__Exercise prompt__: Using the records below, quote only the span that opens with the line containing "new 2025 Mercedes-Benz" and closes with the line containing "Xaver feuerte die", exactly and inclusively.

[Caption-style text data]
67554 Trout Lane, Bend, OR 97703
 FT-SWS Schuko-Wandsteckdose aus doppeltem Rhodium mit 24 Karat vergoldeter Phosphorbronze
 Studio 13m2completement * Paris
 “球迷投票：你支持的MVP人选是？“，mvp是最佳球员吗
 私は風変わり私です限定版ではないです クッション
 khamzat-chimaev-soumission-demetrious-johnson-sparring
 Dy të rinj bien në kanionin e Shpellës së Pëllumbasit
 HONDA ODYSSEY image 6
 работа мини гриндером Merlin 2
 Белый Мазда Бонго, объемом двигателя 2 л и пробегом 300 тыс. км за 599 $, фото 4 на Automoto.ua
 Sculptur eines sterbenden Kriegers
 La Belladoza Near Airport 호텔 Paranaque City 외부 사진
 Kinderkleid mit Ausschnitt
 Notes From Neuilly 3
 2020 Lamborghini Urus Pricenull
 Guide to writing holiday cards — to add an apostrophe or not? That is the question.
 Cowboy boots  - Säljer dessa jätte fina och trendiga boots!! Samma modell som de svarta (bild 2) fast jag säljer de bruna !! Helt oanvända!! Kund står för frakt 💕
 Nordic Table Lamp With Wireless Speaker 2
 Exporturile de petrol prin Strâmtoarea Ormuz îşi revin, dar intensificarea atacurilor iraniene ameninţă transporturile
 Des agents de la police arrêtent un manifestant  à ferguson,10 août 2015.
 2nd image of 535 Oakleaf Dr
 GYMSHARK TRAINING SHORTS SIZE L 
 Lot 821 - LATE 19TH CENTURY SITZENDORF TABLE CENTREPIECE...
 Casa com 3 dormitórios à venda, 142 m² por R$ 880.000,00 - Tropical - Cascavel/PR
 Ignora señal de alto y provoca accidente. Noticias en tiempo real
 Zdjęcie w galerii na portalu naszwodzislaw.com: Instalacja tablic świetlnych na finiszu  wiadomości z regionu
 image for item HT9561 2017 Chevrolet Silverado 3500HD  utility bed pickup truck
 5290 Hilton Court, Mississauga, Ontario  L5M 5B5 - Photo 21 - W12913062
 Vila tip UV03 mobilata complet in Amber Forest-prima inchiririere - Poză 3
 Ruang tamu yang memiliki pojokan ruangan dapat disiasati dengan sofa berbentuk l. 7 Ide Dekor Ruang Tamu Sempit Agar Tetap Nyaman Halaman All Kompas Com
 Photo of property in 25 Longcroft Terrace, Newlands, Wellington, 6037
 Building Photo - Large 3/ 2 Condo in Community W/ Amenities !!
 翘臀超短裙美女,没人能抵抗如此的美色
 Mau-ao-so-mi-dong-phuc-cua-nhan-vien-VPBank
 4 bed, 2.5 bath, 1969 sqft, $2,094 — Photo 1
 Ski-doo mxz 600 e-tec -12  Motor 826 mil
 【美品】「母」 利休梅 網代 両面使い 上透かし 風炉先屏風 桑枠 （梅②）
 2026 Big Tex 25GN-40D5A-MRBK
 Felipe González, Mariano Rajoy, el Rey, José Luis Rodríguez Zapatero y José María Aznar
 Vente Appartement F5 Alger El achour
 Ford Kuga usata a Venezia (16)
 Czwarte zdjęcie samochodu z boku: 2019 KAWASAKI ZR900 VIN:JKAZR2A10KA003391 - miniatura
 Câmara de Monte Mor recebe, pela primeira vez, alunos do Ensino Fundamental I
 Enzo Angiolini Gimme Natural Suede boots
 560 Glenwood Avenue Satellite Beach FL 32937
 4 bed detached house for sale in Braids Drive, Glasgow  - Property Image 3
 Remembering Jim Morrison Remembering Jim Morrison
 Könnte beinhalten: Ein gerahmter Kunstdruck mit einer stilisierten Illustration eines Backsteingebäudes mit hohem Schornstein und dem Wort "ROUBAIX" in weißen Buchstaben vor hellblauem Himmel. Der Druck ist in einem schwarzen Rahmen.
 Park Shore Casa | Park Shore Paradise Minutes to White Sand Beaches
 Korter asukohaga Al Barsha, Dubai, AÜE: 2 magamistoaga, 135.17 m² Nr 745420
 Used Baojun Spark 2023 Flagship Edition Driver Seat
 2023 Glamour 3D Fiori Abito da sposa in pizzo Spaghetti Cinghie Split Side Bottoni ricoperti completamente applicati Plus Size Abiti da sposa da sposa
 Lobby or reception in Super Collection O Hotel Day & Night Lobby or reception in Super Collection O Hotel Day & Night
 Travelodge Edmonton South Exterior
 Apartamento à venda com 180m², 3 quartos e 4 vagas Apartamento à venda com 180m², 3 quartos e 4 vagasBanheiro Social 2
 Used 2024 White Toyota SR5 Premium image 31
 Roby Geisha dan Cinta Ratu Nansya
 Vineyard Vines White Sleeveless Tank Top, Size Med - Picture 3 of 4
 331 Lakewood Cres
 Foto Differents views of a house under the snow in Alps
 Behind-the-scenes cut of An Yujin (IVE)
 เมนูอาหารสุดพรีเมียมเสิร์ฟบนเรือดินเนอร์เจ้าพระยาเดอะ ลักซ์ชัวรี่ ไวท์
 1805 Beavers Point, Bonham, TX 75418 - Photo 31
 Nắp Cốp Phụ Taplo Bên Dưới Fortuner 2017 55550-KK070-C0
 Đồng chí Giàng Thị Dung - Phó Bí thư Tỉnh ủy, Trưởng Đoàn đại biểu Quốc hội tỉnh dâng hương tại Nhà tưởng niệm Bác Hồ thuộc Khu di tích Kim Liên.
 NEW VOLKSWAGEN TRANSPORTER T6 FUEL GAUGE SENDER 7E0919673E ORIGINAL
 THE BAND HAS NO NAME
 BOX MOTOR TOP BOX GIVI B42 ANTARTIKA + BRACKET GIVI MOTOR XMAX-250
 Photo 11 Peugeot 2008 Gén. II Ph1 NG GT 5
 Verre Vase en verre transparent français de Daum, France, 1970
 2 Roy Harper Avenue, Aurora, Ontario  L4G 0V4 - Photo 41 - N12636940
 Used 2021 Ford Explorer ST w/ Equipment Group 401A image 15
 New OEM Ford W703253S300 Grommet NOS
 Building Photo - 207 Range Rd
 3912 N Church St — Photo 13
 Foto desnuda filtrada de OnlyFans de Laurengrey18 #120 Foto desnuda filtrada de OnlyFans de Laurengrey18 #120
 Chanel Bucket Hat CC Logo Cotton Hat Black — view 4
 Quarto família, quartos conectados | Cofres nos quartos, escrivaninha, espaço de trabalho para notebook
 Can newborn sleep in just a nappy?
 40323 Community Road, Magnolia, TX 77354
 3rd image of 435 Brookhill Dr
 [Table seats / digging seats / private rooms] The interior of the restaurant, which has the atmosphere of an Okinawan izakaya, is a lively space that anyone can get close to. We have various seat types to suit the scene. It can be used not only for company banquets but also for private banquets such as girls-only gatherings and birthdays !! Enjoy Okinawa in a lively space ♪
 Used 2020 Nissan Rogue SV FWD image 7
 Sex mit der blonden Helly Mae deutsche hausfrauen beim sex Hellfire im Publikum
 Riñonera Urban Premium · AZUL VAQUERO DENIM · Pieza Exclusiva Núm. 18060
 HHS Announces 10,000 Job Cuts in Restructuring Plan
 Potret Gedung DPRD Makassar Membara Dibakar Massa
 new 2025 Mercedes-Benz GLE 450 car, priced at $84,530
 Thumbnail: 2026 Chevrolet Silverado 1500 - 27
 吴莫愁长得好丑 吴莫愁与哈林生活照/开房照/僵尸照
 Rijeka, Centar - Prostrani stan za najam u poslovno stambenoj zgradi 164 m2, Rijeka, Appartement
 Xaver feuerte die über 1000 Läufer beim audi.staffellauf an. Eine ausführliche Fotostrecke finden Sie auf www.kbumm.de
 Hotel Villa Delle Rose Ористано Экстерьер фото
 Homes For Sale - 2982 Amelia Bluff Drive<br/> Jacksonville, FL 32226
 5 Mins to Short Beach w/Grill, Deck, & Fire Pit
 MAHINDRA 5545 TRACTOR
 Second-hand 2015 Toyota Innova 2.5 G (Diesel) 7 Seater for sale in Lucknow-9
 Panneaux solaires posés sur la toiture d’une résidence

__Exercise output__:
 new 2025 Mercedes-Benz GLE 450 car, priced at $84,530
 Thumbnail: 2026 Chevrolet Silverado 1500 - 27
 吴莫愁长得好丑 吴莫愁与哈林生活照/开房照/僵尸照
 Rijeka, Centar - Prostrani stan za najam u poslovno stambenoj zgradi 164 m2, Rijeka, Appartement
 Xaver feuerte die über 1000 Läufer beim audi.staffellauf an. Eine ausführliche Fotostrecke finden Sie auf www.kbumm.de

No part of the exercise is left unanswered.